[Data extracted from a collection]
┌──

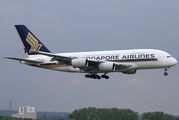 Singapore Airlines Airbus A380-841 (9V-SKN) at  London - Heathrow, United Kingdom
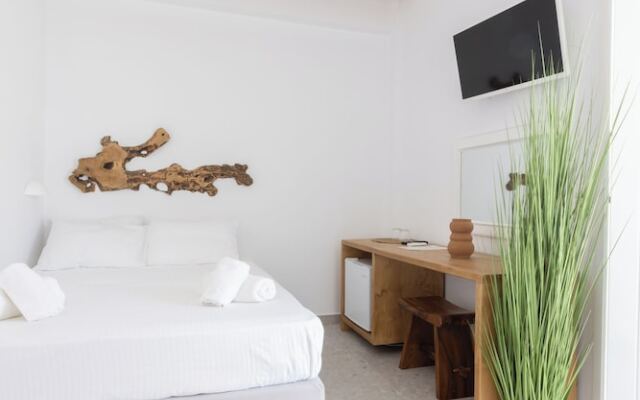 Parosquare Central Suites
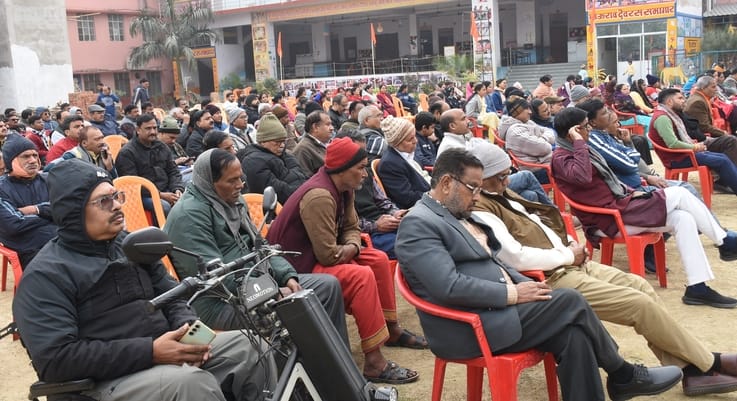 अलीगंज सेक्टर-क्यू स्थित सरस्वती विद्या मंदिर में आयोजित हिंदू सम्मेलन में मौजूद लोग। 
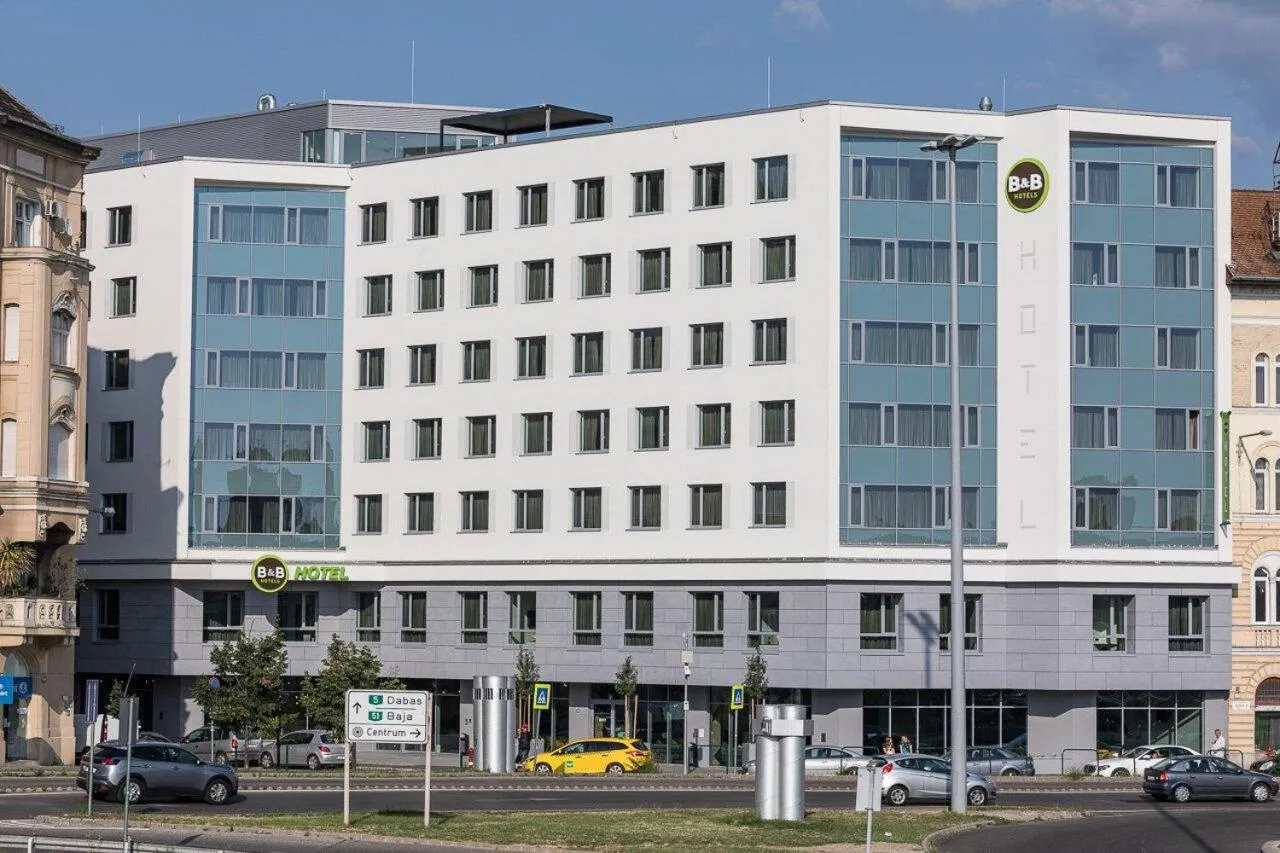 Property building in B&B Hotel Budapest City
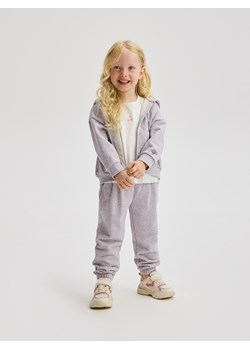 Reserved - Spodnie dresowe - lawendowy ze sklepu Reserved w kategorii Spodnie dziewczęce - zdjęcie 187821170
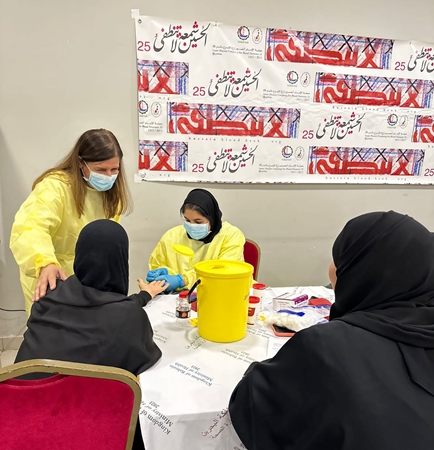 حملة الحسين للتبرع بالدم تحصد 76 كيس في اليوم الأول المخصص للنساء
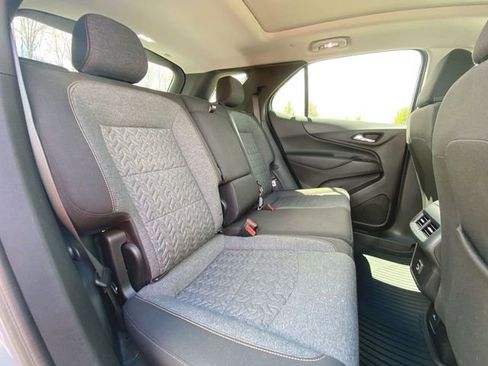 Used 2024 Chevrolet Equinox LT AWD/4WD image 26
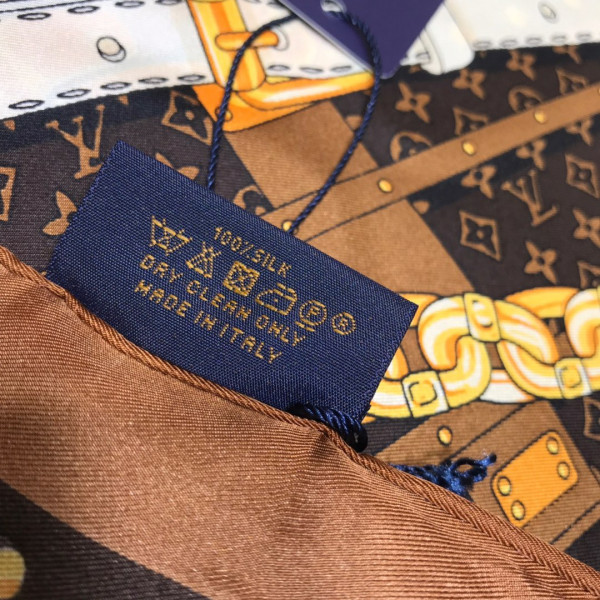 l**is V*t*n scarf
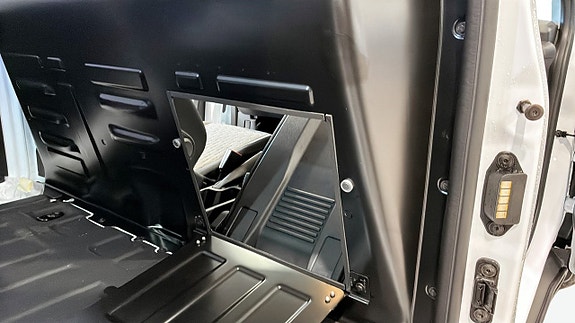 Ford Transit Courier 12 of 12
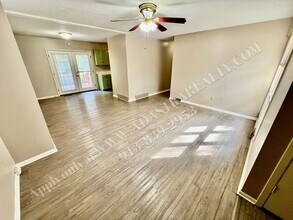 5801 Larsen Ln in Shawnee, KS - Building Photo - Building Photo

└──

EXERCISE>
Return the lines from the one containing "Used 2024 Chevrolet" through the last line of the records, both included, exactly as written and with no pictures.

SOLUTION TO THE EXERCISE>
 Used 2024 Chevrolet Equinox LT AWD/4WD image 26
 l**is V*t*n scarf
 Ford Transit Courier 12 of 12
 5801 Larsen Ln in Shawnee, KS - Building Photo - Building Photo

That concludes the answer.